ISSN 2385-1376
Testo massima
Segnalata dall’Avv. Roberto Rusciano del Foro di Napoli
In materia di investimenti finanziari, il rapporto cliente intermediario può essere inquadrato, nella fase dell’acquisto dei titoli, nella figura del mandato professionale.
È ammissibile la domanda di risoluzione dell’ordine di investimento soltanto se subordinata a quella di risoluzione del contratto quadro di intermediazione finanziaria.
Ogni acquisto genera a carico della banca impegni traslativi, non obblighi informativi, i quali rispetto ad esso sono “precontrattuali” proprio perché esistono prima dell’ordine, essendo funzionali alla sua soddisfacente conclusione; d’altronde, non si può risolvere un contratto per violazione di obblighi che non nascono dal contratto stesso, configurandosi altrimenti una risoluzione a metà. Non c’è, in altre parole, inadempimento agli obblighi derivanti dal singolo ordine di acquisto.
L’omessa informativa in riferimento ad uno specifico investimento non può integrare de plano il requisito della gravità di cui all’art. 1155 c.c., dovendo l’indagine avere riguardo all’intero portafoglio finanziario dell’investitore, al fine di “pesare” l’incidenza del comportamento dell’intermediario sia rispetto alla singola fattispecie contestata in giudizio, sia nell’ambito del rapporto contrattuale considerato nel suo complesso.
Questi i principi espressi dal Tribunale di Bari, in persona della dott.ssa Marisa Attollino, con sentenza n.1274 dell’8 marzo 2016, in materia di investimenti in strumenti finanziari e (lamentato) inadempimento dell’intermediario in relazione all’acquisto dei “famigerati” titoli Lehman.
Nella fattispecie in esame, i clienti-investitori agivano in giudizio al fine di ottenere la risoluzione del contratto di acquisto di obbligazioni Lehman Brothers, sul presupposto dell’inadempimento della banca intermediaria, con richiesta di restituzione della somma investita, oltre al risarcimento del danno.
Nel dettaglio, i ricorrenti lamentavano la violazione della normativa di settore in materia di obblighi informativi precontrattuali, per non aver messo a loro disposizione tutta la documentazione contrattuale, nemmeno rinvenuta successivamente a seguito di specifica richiesta; nonché la violazione ad opera della medesima resistente dei più generali oneri di informativa e diligenza nella gestione del rapporto, di cui agli artt. 1176, 1218, 1343, 1375 e 1418 del codice civile.

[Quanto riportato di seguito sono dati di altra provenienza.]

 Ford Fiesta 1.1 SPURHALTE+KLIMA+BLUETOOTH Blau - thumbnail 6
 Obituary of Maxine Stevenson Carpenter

In via subordinata, chiedevano l’annullabilità del contratto di acquisto dei prodotti finanziari per vizio del consenso determinato da dolo della controparte e/o da errore essenziale in cui sarebbero incorsi i contraenti.

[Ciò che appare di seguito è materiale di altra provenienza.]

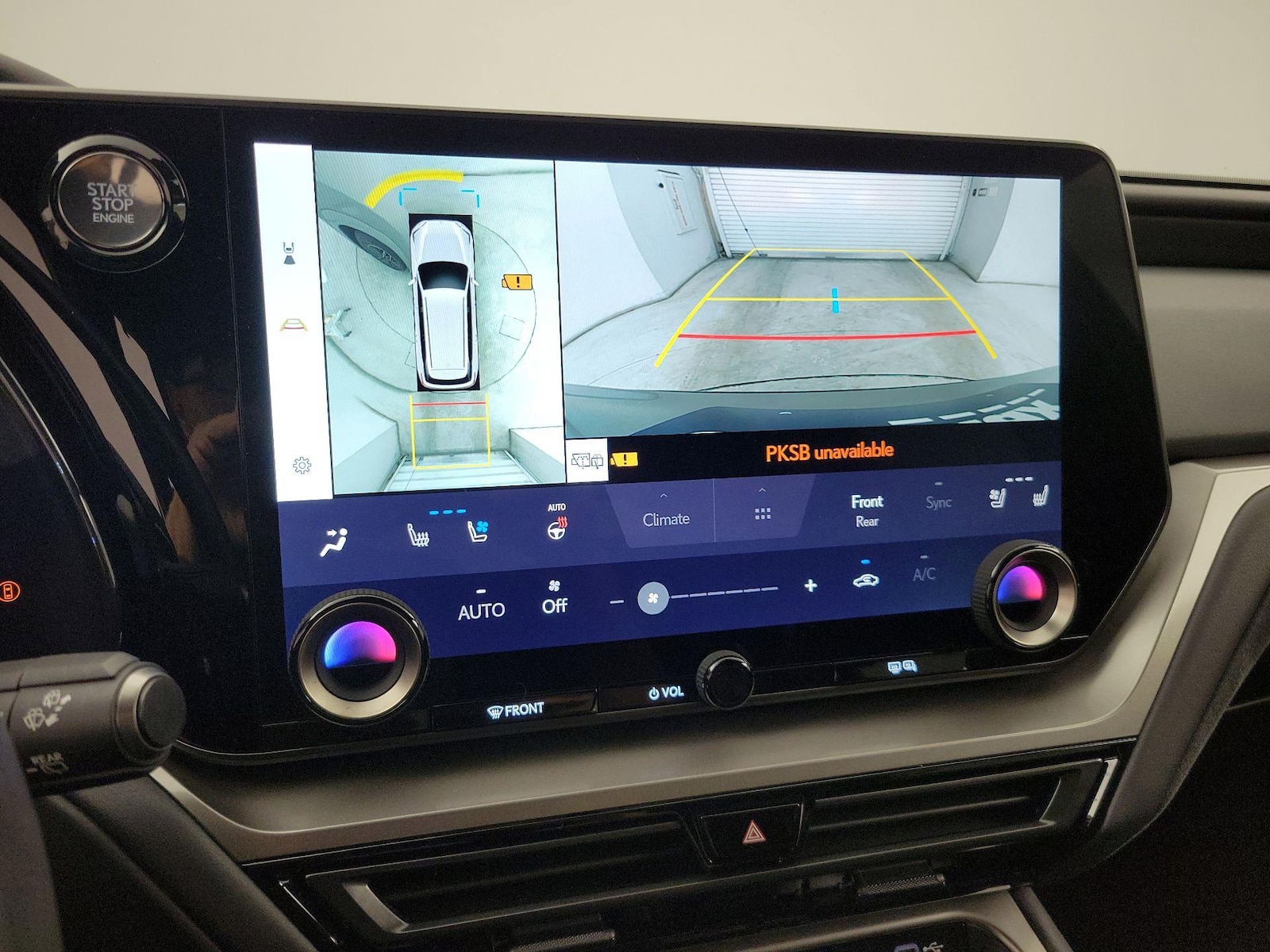 2024 Lexus TX 350 - Photo 16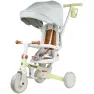 Дитячий велосипед-трансформер 5в1 Cruzzer Trike 5s cream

Si costituiva in giudizio l’istituto di credito convenuto, il quale eccepiva l’infondatezza della domanda attorea chiedendone l’integrale rigetto e formulando domanda riconvenzionale per la restituzione, mediante compensazione, delle cedole già riscosse.

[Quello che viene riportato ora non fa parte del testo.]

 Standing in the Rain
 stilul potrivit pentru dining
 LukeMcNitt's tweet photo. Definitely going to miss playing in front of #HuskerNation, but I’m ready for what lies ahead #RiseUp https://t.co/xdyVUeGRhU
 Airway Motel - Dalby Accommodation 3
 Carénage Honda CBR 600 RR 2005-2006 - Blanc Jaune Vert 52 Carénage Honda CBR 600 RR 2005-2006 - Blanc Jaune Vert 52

La controversia si iscrive nel filone del contenzioso sorto all’indomani del noto fallimento Lehman, con le numerose domande restitutorie da parte degli investitori rivolte agli intermediari, rei (a dire dei primi) di non aver previsto il tracollo della banca americana.
Se già da tempo la giurisprudenza si è pronunciata sulla oggettiva imprevedibilità del default e comunque sulla inidoneità degli esiti nefasti degli investimenti ad incidere sui profili strutturali del contratto “quadro” stipulato tra cliente ed intermediario (si legga: la spesso dedotta nullità del contratto per mancanza di causa, per effetto di comportamenti attinenti piuttosto alla fase di informativa precontrattuale), la particolarità del caso di specie sta nel fatto che gli investitori ricorrevano in giudizio con l’intento di far caducare soltanto l’operazione risultata ex post sconveniente, proponendo una domanda di nullità abbinata ad una domanda di risoluzione per grave inadempimento della banca dell’ordine di acquisto, con conseguente richiesta di restituzione dell’intera somma investita.
Rifacendosi ad orientamenti consolidati, il Tribunale ha subito accantonato il profilo della nullità, sia per la genericità dell’eccezione, sia per l’inidoneità della dedotta mancata consegna dei documenti informativi e contrattuali ad incidere sulla causa del negozio.
Innanzi ad una richiesta risolutoria che come ben evidenziato in sentenza non coinvolgeva minimamente il contratto quadro di negoziazione (ma solo il singolo ordine d’investimento), il giudice barese ha premesso che la posizione della giurisprudenza è tutt’altro che univoca.
Con un pregevole excursus giurisprudenziale di legittimità, il Tribunale ha osservato che, secondo un primo orientamento, è soltanto al momento della scelta del titolo da acquistare, e non prima, che l’investitore esprime consapevolmente la propria volontà, con piena accettazione del rischio.
Ad avviso di altro orientamento giurisprudenziale, invece, la domanda di risoluzione negoziale di una determinata operazione finanziaria non è ammissibile, atteso che le obbligazioni di informare il cliente trovano fonte esclusiva nel contratto di intermediazione finanziaria (c.d. contratto quadro) e non già nel singolo ordine di investimento.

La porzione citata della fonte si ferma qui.